On oublierait facilement que les noces entre WikiLeaks et la presse traditionnelle furent cĂ©lĂ©brĂ©es en grande pompe, tant elles furent Ă©phĂ©mĂšres et intĂ©ressĂ©es. Lorsque l’organisation se propulse en 2010 sur le devant de la scĂšne mondiale en rendant publics des documents classifiĂ©s confiĂ©s par la lanceuse d’alerte Chelsea Manning, analyste du renseignement militaire amĂ©ricain, la manne alimente antennes et colonnes pendant des mois. WikiLeaks noue alors des partenariats avec des journaux prestigieux afin de donner plus d’écho Ă  ces rĂ©vĂ©lations accablantes pour Washington : la conduite criminelle de son armĂ©e en Irak et en Afghanistan, l’enfer de la prison de GuantĂĄnamo ou les dessous peu reluisants de la diplomatie amĂ©ricaine.

Pour ce dernier dossier, connu sous le nom de « Cablegate », The New York Times, The Guardian, Der Spiegel, El PaĂ­s et Le Monde profiteront amplement des scoops puisĂ©s dans les 250 000 tĂ©lĂ©grammes diplomatiques. Le 25 dĂ©cembre 2010, la rĂ©daction du Monde dĂ©signe Julian Assange « homme de l’annĂ©e ». Chacun sait dĂ©jĂ  que ce fournisseur de contenus explosifs fait peser une menace sur le monopole de l’information lĂ©gitime revendiquĂ© par les mĂ©dias Ă©tablis, mais, alors, rĂšgne une paix prĂ©caire assise sur une division du travail : WikiLeaks alimente en donnĂ©es brutes authentifiĂ©es des mĂ©dias qui les trient, les hiĂ©rarchisent — puis se tressent des lauriers. Les mĂ©dias n’ignorent rien de la philosophie libertaire d’Assange qui, comme nombre d’informaticiens de sa gĂ©nĂ©ration, rĂȘve d’une nouvelle RĂ©forme qui abolirait les intermĂ©diaires compromis avec le pouvoir.

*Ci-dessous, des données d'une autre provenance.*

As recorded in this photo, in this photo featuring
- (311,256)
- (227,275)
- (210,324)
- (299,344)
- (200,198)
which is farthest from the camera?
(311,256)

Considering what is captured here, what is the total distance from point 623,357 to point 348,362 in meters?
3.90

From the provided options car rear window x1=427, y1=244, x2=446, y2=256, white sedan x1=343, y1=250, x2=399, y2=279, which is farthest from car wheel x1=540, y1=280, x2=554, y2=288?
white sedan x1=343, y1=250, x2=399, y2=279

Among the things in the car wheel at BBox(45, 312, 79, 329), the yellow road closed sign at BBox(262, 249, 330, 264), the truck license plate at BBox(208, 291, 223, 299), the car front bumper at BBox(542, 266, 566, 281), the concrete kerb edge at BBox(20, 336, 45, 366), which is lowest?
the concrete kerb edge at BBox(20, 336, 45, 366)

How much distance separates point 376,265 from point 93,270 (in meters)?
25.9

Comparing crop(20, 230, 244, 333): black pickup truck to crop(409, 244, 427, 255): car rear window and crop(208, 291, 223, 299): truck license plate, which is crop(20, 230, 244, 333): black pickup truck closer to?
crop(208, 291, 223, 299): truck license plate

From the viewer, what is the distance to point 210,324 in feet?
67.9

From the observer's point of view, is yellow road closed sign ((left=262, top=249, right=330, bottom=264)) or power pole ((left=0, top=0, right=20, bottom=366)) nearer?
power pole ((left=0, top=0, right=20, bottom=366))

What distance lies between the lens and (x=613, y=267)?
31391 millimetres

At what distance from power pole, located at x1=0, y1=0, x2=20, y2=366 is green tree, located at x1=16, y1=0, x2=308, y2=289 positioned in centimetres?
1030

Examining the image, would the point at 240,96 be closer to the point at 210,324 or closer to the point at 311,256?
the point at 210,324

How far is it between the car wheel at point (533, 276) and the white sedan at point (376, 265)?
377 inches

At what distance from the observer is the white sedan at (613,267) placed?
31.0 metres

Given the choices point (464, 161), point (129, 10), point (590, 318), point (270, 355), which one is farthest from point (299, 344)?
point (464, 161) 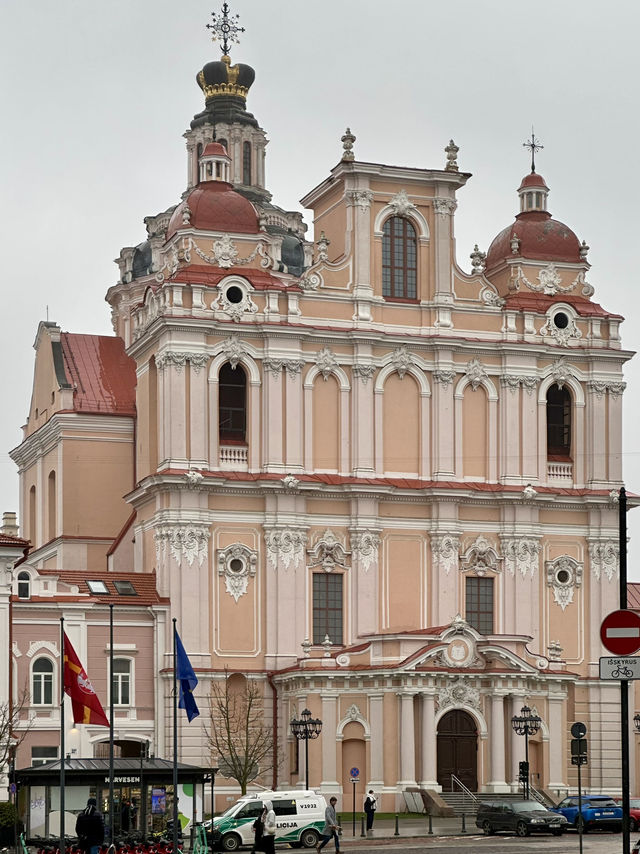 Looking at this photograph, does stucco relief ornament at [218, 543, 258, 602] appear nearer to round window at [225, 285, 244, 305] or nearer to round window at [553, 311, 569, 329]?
round window at [225, 285, 244, 305]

Aussi, en ce jour de NoĂ«l 2010, Le Monde accompagne son Ă©loge d’une Ă©tiquette — « la personnalitĂ© la plus controversĂ©e de la planĂšte » — qui ne quittera plus le fondateur de WikiLeaks et ressortira sitĂŽt que l’actualitĂ© judiciaire imposera aux mĂ©dias, entre de longues plages d’indiffĂ©rence, de parler de l’affaire : « “cyber-warrior” Ă©nigmatique et controversĂ© » (Lexpress.fr, 19 mai 2017), « hĂ©ros controversĂ© d’une transparence parfois troublĂ©e » (Lepoint.fr, 7 septembre 2020), « hĂ©ros controversĂ© de la libertĂ© d’informer » (Agence France-Presse, 10 dĂ©cembre 2021), « figure controversĂ©e au centre de thĂ©ories du complot » (« Complorama », France Info, 29 avril 2022). « ControversĂ© » : sous son apparente objectivitĂ©, cet adjectif sparadrap prĂ©sente l’étrange propriĂ©tĂ© de ne coller qu’aux souliers des dissidents du monde occidental.

Pour les mĂ©dias, les enjeux du cas Assange Ă©taient pourtant d’une clartĂ© cristalline : en mai 2019, les États-Unis l’inculpaient en vertu de ­l’Espionage Act de 1917, menaçant ainsi toute la profession d’une criminalisation du journalisme. Son extradition vers les geĂŽles amĂ©ricaines aurait signĂ© la ­capitulation en rase campagne du « quatriĂšme pouvoir ». Les anciens « clients » de WikiLeaks se rĂ©signĂšrent donc Ă  s’opposer — sans excĂšs d’enthousiasme — Ă  ce qu’il soit livrĂ© outre-Atlantique.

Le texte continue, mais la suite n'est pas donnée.